Segment Start: DATA SUPPLIED

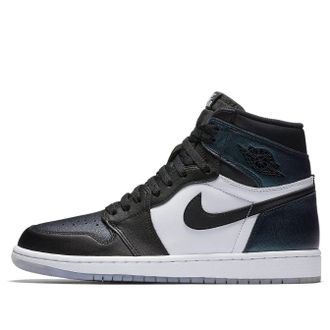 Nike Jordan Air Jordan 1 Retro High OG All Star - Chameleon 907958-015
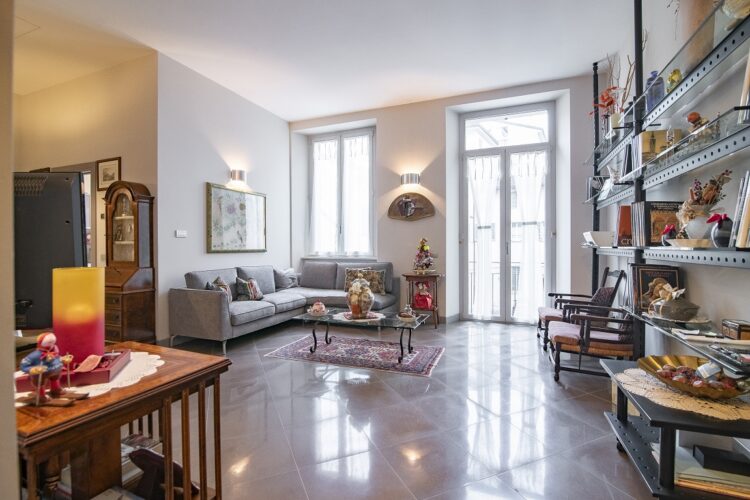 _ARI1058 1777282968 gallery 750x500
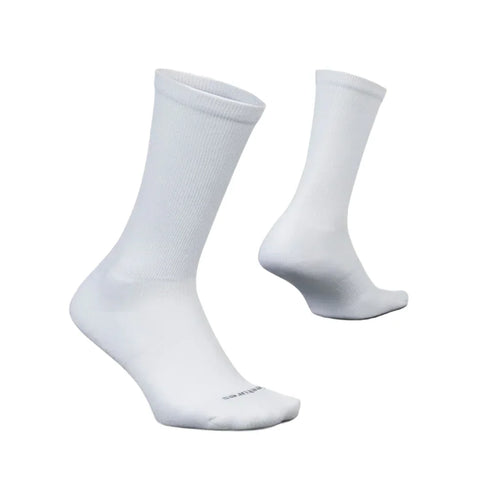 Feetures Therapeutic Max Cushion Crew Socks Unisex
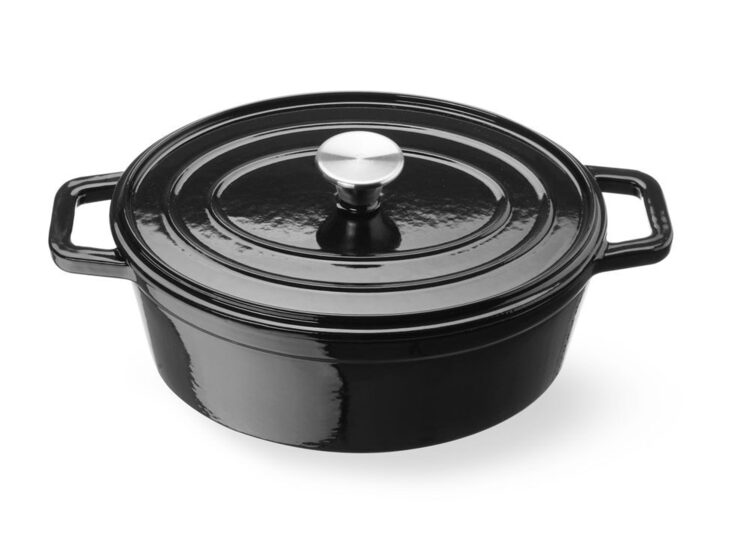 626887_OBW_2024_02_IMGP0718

Segment End: DATA SUPPLIED
Segment Start: DATA SUPPLIED

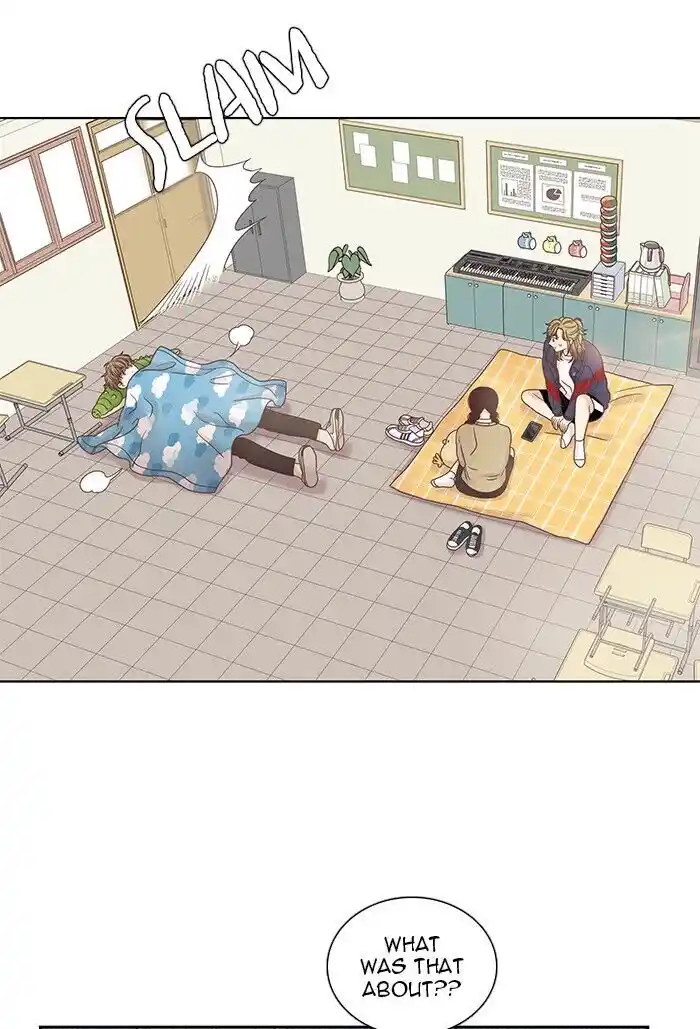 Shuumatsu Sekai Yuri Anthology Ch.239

Segment End: DATA SUPPLIED
Segment Start: DATA SUPPLIED

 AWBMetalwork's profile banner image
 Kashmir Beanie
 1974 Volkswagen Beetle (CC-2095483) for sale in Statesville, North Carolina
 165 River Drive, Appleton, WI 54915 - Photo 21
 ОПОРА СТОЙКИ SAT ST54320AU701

Segment End: DATA SUPPLIED

▶ TASK INSTRUCTIONS: In the listing above, find the line containing "Feetures Therapeutic Max" and the line containing "626887_OBW_2024_02_IMGP0718", then return both of them and every line between, exactly, without pictures.

▶ RESULT FOR THIS EXERCISE:
 Feetures Therapeutic Max Cushion Crew Socks Unisex
 626887_OBW_2024_02_IMGP0718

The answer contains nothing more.